When I think of applause I can imagine a variety of audiences, some determined not to show any form of expression and lightly clapping once the performance is through, some over enthusiastic and clapping so excitedly that they’re enthusiasm comes across as false, some rhythmically clapping in beat with the band, and some clapping turning to stomping or pounding or kicking the shit out of one another. That’s my favorite style of clap. I love it when the clapping gets rough and the audience becomes unhinged. It’s the opposite of the cool, cynical clap. I want to come away bruised by the clap with my ears ringing and make up smeared across my face.
I compare these claps to living in Chicago and living in New York. In Chicago i felt trapped by the self serious clap, the type of smug ovation that comes with standing still and listening tensely while sneering at anyone around you who dare make a peep or God forbid, dance. In New York I felt exorcized! I clapped, screamed howled, and stomped all in unison to those around me and joined an equally rabid group of women who made me feel like i could finally cheer as loud as I wanted with no hushes or anyone asking me why I was so angry.
“Why are you so angry?”
“Why are you not angry?”
A lot of this, of course has to do with the time period, tastes in music and my own personality and is not meant to be a comparison of the two cites. I had a lot of fun in Chicago but i was also relieved to leave. There’s an icy tombstone in my imagination perched on the edge of Lake Michigan, that reads Christiane Hultquist “Good bye to my early twenties, May they rest in peace and never ever come back to haunt me. 1995-1998”
I got asked last night to give a lecture to a group of friends. The lecture has to be 15-22 minutes and it has to be about something that doesn’t pertain to my job, so I can’t talk about fashion, or making costumes, or painting or anything art related in general. A few ideas have come to mind, one is to talk about memory and the idea that according to scientists most of what you remember never happened in the way you remember it. I find this fascinating since it seems to make so much of my life totally meaningless, but if I’m to believe the reasons why we have memory in the first place is to keep moving forward then why do i worry all of the time about past issues or some embarrassing thing that I said. Those memories plague me more than the good ones. As well, along with the fact that we are now more open to talking about our past traumas, in can seem like maybe you just made that memory up at the pressing of a therapist or that maybe you should be able to splat that memory like a bug and pretend that it never happened. But then I’ve also started to read a book called The Body Keeps the Score and it’s about PTSD and how the body keeps all of it’s past sufferings locked inside our minds and how these disturbances are released in very disconcerting ways. So, really what is memory for if you we can’t remember events correctly yet we store these acts in our mind to be released in ugly episodes in the future?

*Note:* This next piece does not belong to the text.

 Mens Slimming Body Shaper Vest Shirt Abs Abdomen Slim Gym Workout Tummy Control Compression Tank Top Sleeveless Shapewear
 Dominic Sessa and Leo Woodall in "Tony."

As well, and sort of along the same lines I read an article in the New Yorker this morning called “The Case For Not Being Born” about the “anti-natalist” philosopher David Benetar. Basically, he believes that life sucks so much that we should stop having children for reasons of compassion. I can’t say that in some way I haven’t had this exact same feeling. The thought of my nieces and nephews having to go through their early twenties, a time that i found to be confusing and painful in a multitude of ways, makes my heart ache so badly that I want to throw up. Grief is another reason for never wanting to be born. It’s the ultimate annihilation of any sort of once happy existence. I’ve seen it eat away at people in ways unimaginable. Your soul becomes a wet sheet, bagging at the center where once flourished some sort of life. Grief on top of grief on top of more grief, that’s the way it hits if you believe that death comes in threes. So, yes, if you want to be a compassionate person, why ever procreate?

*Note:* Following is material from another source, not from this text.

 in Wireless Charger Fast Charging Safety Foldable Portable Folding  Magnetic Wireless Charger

I’ve never been a nihilist though. I really love life. I keep thinking about how when i’m going through a difficult time, i get this feeling of ecstatic joy mixed with sadness. I think it’s because i love solving problems. I’d rather have a problem that not have a problem just so I could solve it. It’s kind of why i’ve started to write. I know I have a problem that I need to solve and for some reason making it known to everyone around the planet seems like the best way to work out my dilemma. Writing, i think, is about everything coming out sideways and so i present to you some really sideways writing that is both truthful and at the same time trying to hide my real feelings about life, the un-Instagarmmable ones.
I’m giving myself the task of writing at least a little bit each day on my blog. My rule is that I can’t write it out in a word program or on paper but that i have to write straight to the blog. This feels very daunting, but everything feels that way lately so why not get really uncomfortable?
I’m going to start by responding to some answers I received on my instagram post “What would you like me to write about?”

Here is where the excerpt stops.